Avoid hurting your back if you have to lift a 5 gallon water bottle on to the countertop - let the pump do the lifting!
This is a solution for a problem that most of the folks here won't even have contemplated! At a certain point in life, lifting that damn 5 gallon water bottle up on to the kitchen counter just becomes a chore you don't look forward to! Especially if you've recently had a back injury :-/
So this week I finally got around to a project I'd contemplated a few years back but which didn't seem urgent enough at the time... a water dispenser that doesn't need the water bottle to be lifted up to the kitchen countertop!
Supplies

1) PVC pipe. Google for: 3/4 in schedule 40 pvc pipe nearby
Ideally you just want one short pre-cut piece such as this 24in piece from Home Depot which costs $3.32
It's quite likely the smallest length you can find locally will be 10 ft (which should cost you between $5 and $10), in which case see if the store will cut it for you into 5 (24in) or 6 (20in) pieces, depending on how tall you want the pump to stand. For my kitchen, I used 19 inches although in hindsight I might have been better advised to use 21 inches.
You can cut it yourself. Getting a perfect square cut is not essential for this project. I cut mine quite easily with a Dremel cut-off rotary saw blade.
2) An electric water pump. Generally these are rather cheaply made Chinese products and I suspect they'll all very similar inside with just different case stylings for different vendors. They cost between $5 and $15.
The one I have was bought in 2020 for $10 and has worked well for 5 years now, but unfortunately it is no longer available so you'll just have to read the Amazon reviews and pick something yourself. (Mine was: Electric Water Bottle Pump Auto Drinking Water Jug Water Dispenser for Universal 5 Gallon Bottle which cost $10 in 2020.)
3) Food-grade silicone tubing of an appropriate length that fits your water pump. I think it's usually 1/4in inside diameter (ID) and 3/8in outside diameter (OD) but I can't be 100% sure. I've also seen roughly similar tubing described as 6mm ID and 9 or 10mm OD. I tested this project with some PTFE tubing I had bought for another purpose so the default dimensions in the OpenSCAD file reflect that tubing.
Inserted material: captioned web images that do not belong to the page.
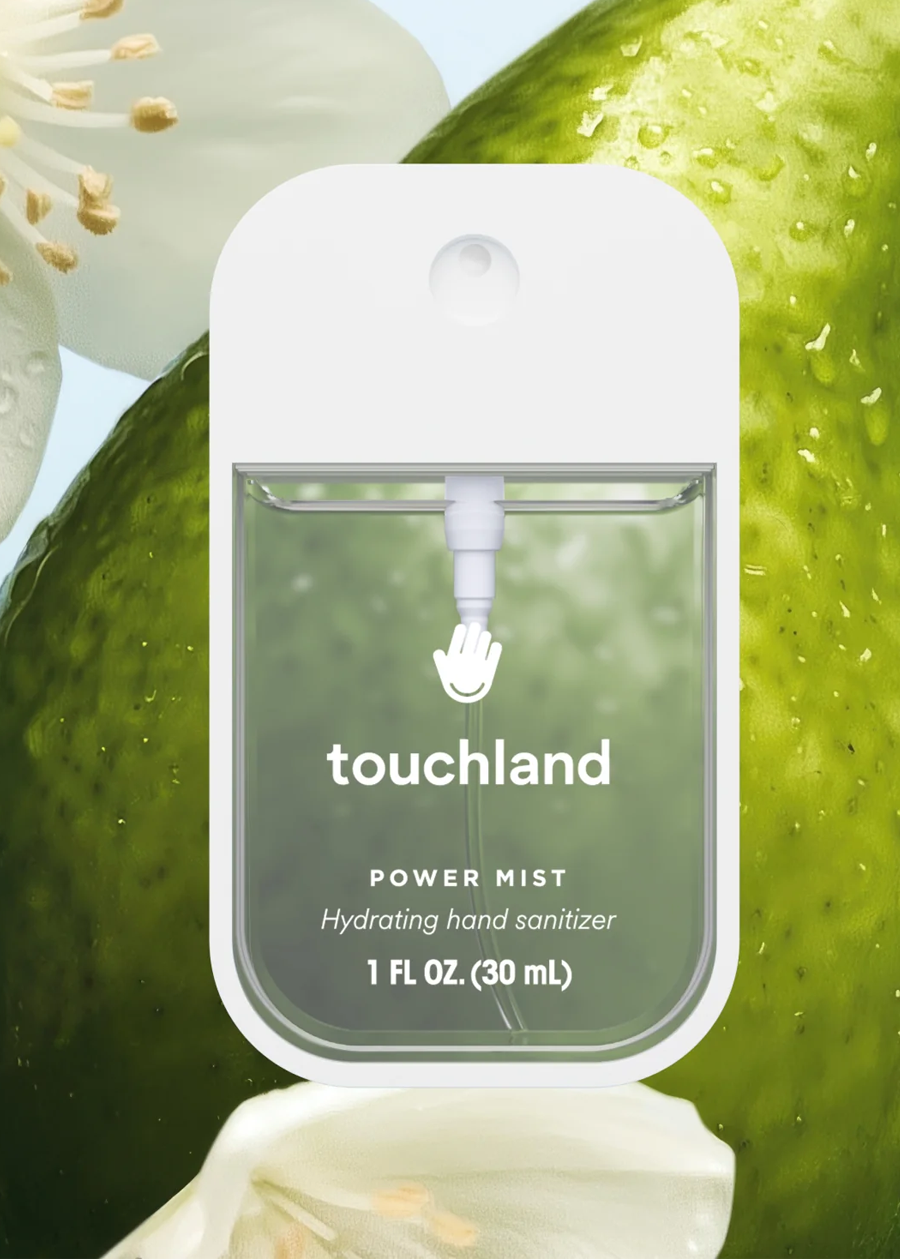 Touchland Power Mist - 20+ Scents!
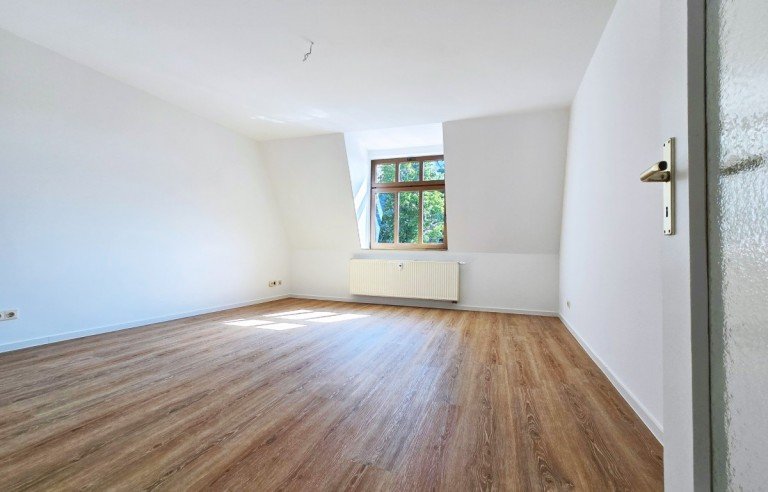 Wohnk�che K�then (Anhalt) - K�then Etagenwohnung Frisch saniert & sofort bezugsfrei - Top-Moderne 2-Zimmer-Wohnung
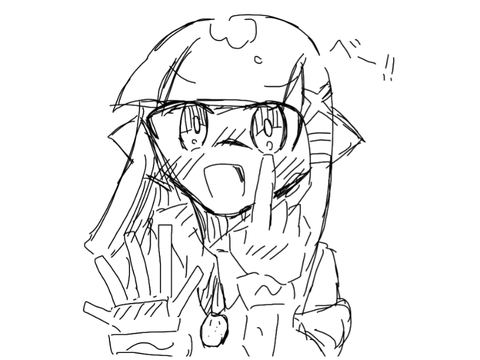久しぶりのkleki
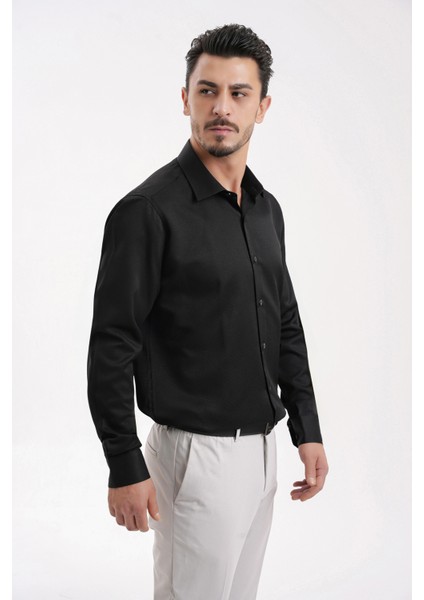 Armür Dokulu Erkek Gömlek indirimleri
This will cost about $1 per foot. (I recently bought 10 ft for $7 at Amazon). My setup uses 40 inches.
If you want to get fancy you could consider one with a weight but I consider that particular example somewhat overpriced. But at least you can sterilize the weight and use it again with new tubing.
Print Two Adaptors




Here's what the solution looks like: it's a standard cheap electric pump, raised up on a stand to a convenient height. There are several ways this could be done, but I've been teaching myself how to model things for 3D printing recently so that seemed like an obvious choice.
The pump is fitted on top of a piece of PVC pipe and the pipe fits on the 5 Gal water bottle with a 3D-printed adapter. The PVC pipe is only used as a support - it doesn't dip into the water and the water doesn't flow inside the pipe itself - there's a clean food-grade silicone tube inside the pipe for the water to flow through.
The pipe fits securely on the adaptor, and the adaptor fits snugly on the water bottle. My pump originally sat directly on the pipe since it has a protrusion underneath that fortunately was almost the right width to fit in the pipe, but it was a little bit uneven, so I made a second adaptor that has the same width as the water bottle neck for it to sit on more stably.
The 3D prints are designed using the OpenSCAD language, which allows for parameterised designs, so if your components don't quite match mine, just measure the various diameters and enter them into the OpenSCAD file to generate a new set of objects. People with a Bambu printer will be able to do this online using the customiser at Makerworld.com as soon as I've uploaded the file. The finished device is quite stable - you'ld think with that long stem that it might wobble, but the tolerances are tight enough that it's good and solid. If you make one and it wobbles, measure your bottle neck and your pump neck and tweak the parameters in OpenSCAD until it fits better. For now, the files are online at http://www.gtoal.com/OpenSCAD/riser/
(Folks used to 3D printing may appreciate that the parts were designed to avoid the need for any removable support. You can see how I arranged that from looking at the cross-section images.)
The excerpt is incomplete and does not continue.